Task goal |
The answer is one number. Say how many lines in the entries below include the word "image".
-------- Records provided --------
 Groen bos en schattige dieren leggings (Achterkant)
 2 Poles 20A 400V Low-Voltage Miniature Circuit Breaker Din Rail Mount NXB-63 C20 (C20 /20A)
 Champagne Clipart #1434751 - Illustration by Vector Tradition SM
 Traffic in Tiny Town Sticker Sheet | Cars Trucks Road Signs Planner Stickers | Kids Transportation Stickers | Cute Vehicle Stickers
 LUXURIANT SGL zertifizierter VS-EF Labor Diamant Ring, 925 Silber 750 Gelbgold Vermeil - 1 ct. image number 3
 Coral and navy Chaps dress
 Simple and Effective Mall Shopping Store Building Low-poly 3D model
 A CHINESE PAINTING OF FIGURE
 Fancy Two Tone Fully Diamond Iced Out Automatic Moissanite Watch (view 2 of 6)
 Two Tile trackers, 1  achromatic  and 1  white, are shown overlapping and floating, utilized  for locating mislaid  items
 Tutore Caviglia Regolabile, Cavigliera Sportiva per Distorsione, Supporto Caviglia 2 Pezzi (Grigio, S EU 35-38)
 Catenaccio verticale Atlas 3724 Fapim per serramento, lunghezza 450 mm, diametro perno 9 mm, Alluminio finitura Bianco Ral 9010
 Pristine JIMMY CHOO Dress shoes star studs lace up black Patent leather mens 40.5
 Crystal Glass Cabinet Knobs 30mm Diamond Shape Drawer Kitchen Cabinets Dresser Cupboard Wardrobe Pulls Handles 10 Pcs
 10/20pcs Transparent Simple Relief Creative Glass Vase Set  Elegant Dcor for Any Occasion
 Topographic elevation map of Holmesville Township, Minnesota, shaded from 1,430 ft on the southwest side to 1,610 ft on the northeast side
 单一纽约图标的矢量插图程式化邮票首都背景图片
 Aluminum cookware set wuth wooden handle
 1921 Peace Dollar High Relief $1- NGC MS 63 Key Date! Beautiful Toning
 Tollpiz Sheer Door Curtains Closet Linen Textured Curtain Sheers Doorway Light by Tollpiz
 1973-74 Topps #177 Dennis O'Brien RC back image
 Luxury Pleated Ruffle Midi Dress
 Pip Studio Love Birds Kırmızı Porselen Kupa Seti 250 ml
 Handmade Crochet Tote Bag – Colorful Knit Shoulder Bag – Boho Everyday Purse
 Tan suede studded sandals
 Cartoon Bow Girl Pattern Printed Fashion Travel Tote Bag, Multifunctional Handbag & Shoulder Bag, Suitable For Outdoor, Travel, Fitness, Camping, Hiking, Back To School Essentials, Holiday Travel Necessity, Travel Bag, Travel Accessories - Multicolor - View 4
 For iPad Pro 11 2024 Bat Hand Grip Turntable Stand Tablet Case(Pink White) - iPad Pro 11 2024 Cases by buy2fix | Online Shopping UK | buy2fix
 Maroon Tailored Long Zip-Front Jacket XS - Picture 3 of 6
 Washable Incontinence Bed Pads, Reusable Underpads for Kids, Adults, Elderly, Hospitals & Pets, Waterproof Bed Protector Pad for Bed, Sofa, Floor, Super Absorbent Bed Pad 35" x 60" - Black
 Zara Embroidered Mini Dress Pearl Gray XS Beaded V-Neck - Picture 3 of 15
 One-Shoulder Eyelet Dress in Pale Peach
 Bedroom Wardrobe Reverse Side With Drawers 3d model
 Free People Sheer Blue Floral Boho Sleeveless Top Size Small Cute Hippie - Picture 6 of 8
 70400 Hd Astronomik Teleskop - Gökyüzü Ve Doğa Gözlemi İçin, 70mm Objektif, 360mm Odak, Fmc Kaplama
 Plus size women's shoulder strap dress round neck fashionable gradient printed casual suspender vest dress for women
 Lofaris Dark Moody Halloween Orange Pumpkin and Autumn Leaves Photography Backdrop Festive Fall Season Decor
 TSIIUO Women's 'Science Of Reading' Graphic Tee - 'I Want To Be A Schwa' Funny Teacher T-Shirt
--------
Written reply |
2